29. We have reproduced the provisions of the Act and referred to the relevant case law to show that the factors which are relevant in determining the compensation under the Land Acquisition Act may not be relevant while fixing the market value of the property under acquisition under the Act as the mode and manner in which the compensation payable for acquisition of land under the Act and Land Acquisition Act are distinct and different. So both the Tribunal and learned Single Judge erred in applying and relying on the rate fixed by the District Judge in Aziz Mir's case. The District Judge had in that case fixed the rate under the Land Acquisition Act, obviously after taking the criteria laid down by that Act into consideration and the criteria being entirely different, the rate fixed as such could not have been applied to the facts of the case under the Act. The Tribunal should have acted independently of the order of the District Judge and in assessing the compensation should have taken into consideration the evidence led by the parties in the case before it and also the principles provided by Section 8 of the Act.
30. On going through the statement of witnesses produced by the parties in the case we find that there is no sufficient evidence led by the parties on the quantum of compensation on which the Tribunal could have relied in fixing the due compensation. The only evidence we find is that of the attorney of the respondent, who has in his oral statement deposed that the market rate of the land in question was Rs. 20,000/- per kanal but this statement is not corroborated by any other evidence. Perhaps conscious of this fact, Mr. Shah would argue that in such circumstance the safest way was to rely on the finding of the District Judge who at least gave a judicial finding on the market value of the land which finding has remained unchallenged till date. Learned Single Judge too has adopted the same approach when it was observed that a judgment determining the market value is admissible in evidence for determining the market value of the land is question.
31. A judgment determining the market value is relevant for determining the market value under the Act only when it is based on the same principles and has taken into consideration the same factors which are otherwise relevant for fixing the market value in a case under the Act. An ex parte judgment given in a case under the Land Acquisition case was therefore not relevant for the present case.

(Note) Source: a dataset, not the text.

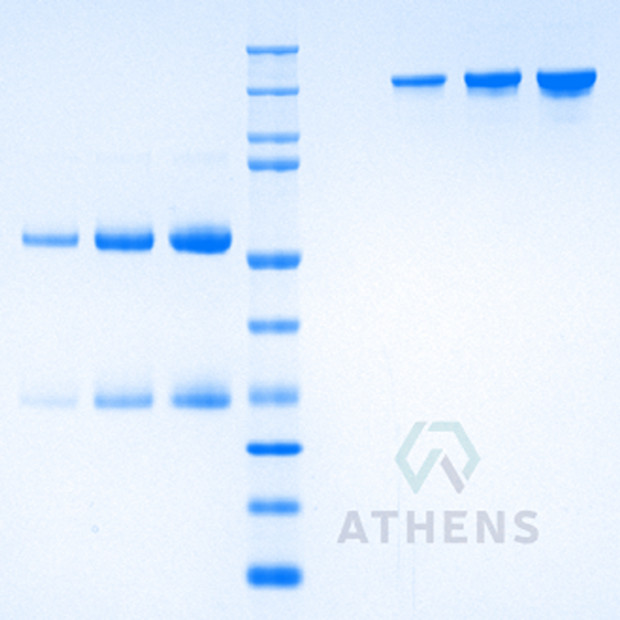 SDS-PAGE Gels - Immunoglobulin G1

32. A very significant development, however has taken place in the present appeal. The Appellant has not raised any objection before us to the compensation of Rs. 15,000/- fixed by the Arbitrator. Rather it has been pleaded in the memorandum of appeal, reiterated by the Counsel for the appellant during arguments, that the Arbitrator has reached to the conclusion and awarded Rs. 15,000/- per kanal on proper assessment of the case. In view of the admission of the appellant before us we need not to go to this issue in this appeal and the amount of Rs. 15,000/- will be taken as admitted by the appellant notwithstanding the fact that there was no sufficient evidence on file on this point and that the finding of the District Judge was not applicable in the present case. The only issue which now remains to be decided for us is as to whether the amount of Rs. 15,000/- should have been taken as compensation for 22 kanals only, as fixed by the Arbitrator or for the entire land of 313 kanals and 4 marlas, as done by the learned Single Judge.

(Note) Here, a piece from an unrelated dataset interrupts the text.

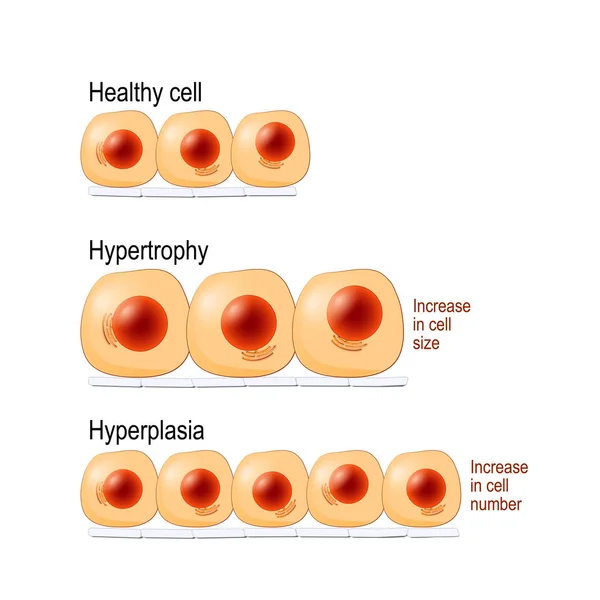 Нормальные Клетки Гипертрофия Увеличение Размера Клеток Гиперплазия Результат Увеличения Количества — стоковый вектор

33. Learned counsel for the Appellant would argue that since the land under acquisition is not a compact piece of land but is situated at foot hill, a portion of it was earlier an orchard but a major portion of it was banjar (uncultivated) and rocky land. Since the kind of soil, according to the learned counsel, was not the same, amount of Rs. 15,000/- could not have been fixed by the learned Single Judge for entire land under acquisition.
34. We are not impressed by the argument for the reason that while fixing the amount the prescribed authority too has fixed Rs. 6000/- for the entire land and while doing so the authority has not categorized the land in to various kinds of soil, like orchard, banjar and rocky. Rs. 6000/- has been fixed for the entire land measuring 313 kanals and 4 marlas thus taking the whole area as a compact land. Otherwise also there is no evidence on the part of the Appellant on file to show that the land under acquisition in the present case consist of different kinds of soil. Even the revenue record has not been produced nor any revenue official has been examined to show as how much land was cultivable and how much uncultivable. It is also not shown that after requisitioning or acquisition of the land only a portion of it could be put to use due to it being a banjar or rocky land. The nature of land has not therefore prevented the Government to put it to the use for which it has been acquired. In absence of any compelling material it cannot be said that the land under acquisition was not a compact piece of land. We could not find force in the suggestion of the learned counsel, to indulge in a meticulous exercise of classification of the land acquired. When the entire land was acquired in one block for public purpose, classification of the same into different categories, at the time of fixing the compensation does not stand to reason.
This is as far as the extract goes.